Elle pourrait nous faire penser que nous sommes fauves.
Et dans la pluie des instants creux, je dors, presque paisiblement, avec les deux yeux en feu, et des larmes sèches sur les joues. Elles protègent mon visage de faux anges et de la souplesse terrible des silences quotidiens.
*
« Nous y sommes presque, là, de tourner la page. Nous y sommes presque. » Il disait çà comme on se parle à soi-même, et qu’on fait le point, en silence – ces moments-mêmes où l’on peut se seir entier, où le moi englobe, définit le soi.
Mais nous, nous ne savions pas comment prendre ces mots. Fallait-il que l’on s’alarme, que l’on pleure, que l’on fuit ?
En tout cas, nous n’étions pas indifférents. Même dans le rejet, il y avait quelque chose de l’acceptation, du Oui.
Et devant cette table, je pouvais voir les lettres, les toucher, et avec construire ce qui aujourd’hui vous échange un peu de votre temps contre ce que l’on peu appeler du voyage. Je vous offre, peut-être, un monde, où je vous plonge.

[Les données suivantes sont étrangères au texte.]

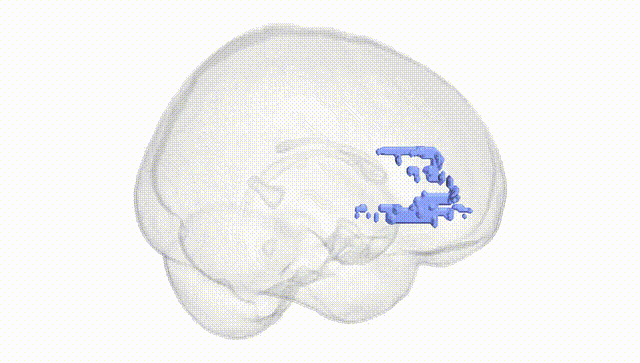 Full Brain White
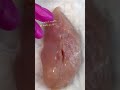 Running Continuous Subcuticular Suture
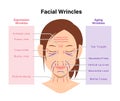 Expression wrinkles and Aging wrinkles ( female face ) vector illustration Royalty Free Stock Photo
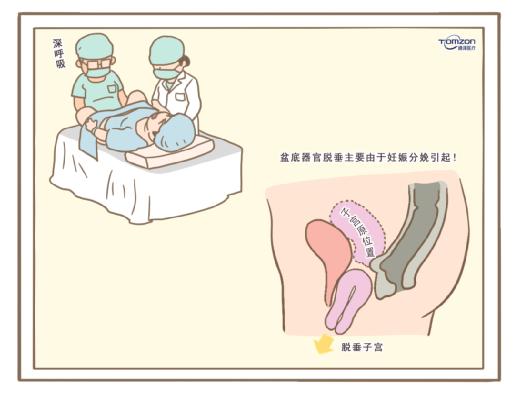 盆底康復(fù)治療儀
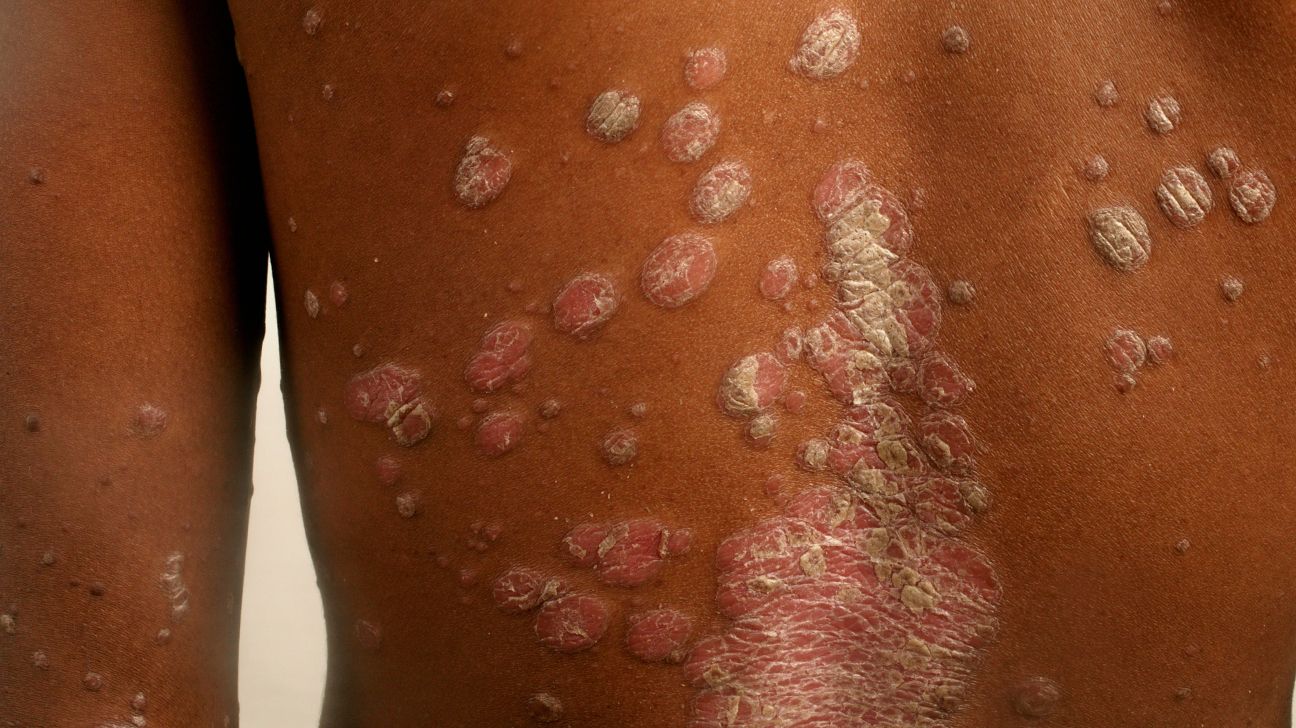 dangerous skin diseases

Mais le dire là vous sort un peu de ce monde, donc je m’arrête.
Nous sommes assis, et je pense que le monde a la tête aussi reposée que pleine de petits riens qui nous rendent un peu malade, qui nous font aimer des pensées indélicates et des secrets bien gardés. Et par ici bas, les oiseaux, on ne les entend pas. Les arbres sont dénudés, et, à la fenêtre, la buée, la fine couche de saleté et les légères gouttes de liquide – celui dont nous nous nous rendrons compte plus tard qu’il n’est pas donné – forment un ensemble correct, réel car habituel, reposant et très futile. Les mots, finalement, sont cette pluie qui nous fait du bien, parfois.
Les cuillères d’inox attendent dans leur neutralité. Elles sont le miroir d’un monde que nous ne connaissons pas. Elles sont l’usage, l’outil, l’instrument. Elles parlent, avec leur fragilité, d’un progrès, d’une avancée dont on ne veut plus entendre parler.
Les couteaux ont des dents trop fines. Couchés sur la table, ces outils légers attendent sans agir. Ils servent et point.
Dans la fragilité des émotions d’amour, les premières phrases, comme naissantes, sortent des bouches, mais sans les douleurs de l’accouchement, et sans les sentiments, qui ne doivent pas être agréables, du nouveau-né qui découvre - violent rendez-vous - le froid, les sons qui ne sont plus filtrées par le ventre protecteur de la mère, et les regards.
Et ça se répond, je crois, à table. Jeu de regards et jeu de mots. Monologues pensées à l’avance ou rencontres effectives et improvisées d’êtres, cela fait toujours du bruit. Consonnes et voyelles, fréquences sonores, en somme. Et quand les regards se croisent, les mots prennent du sens, quelque chose de plus grand intervient, un truc silencieux, en nous.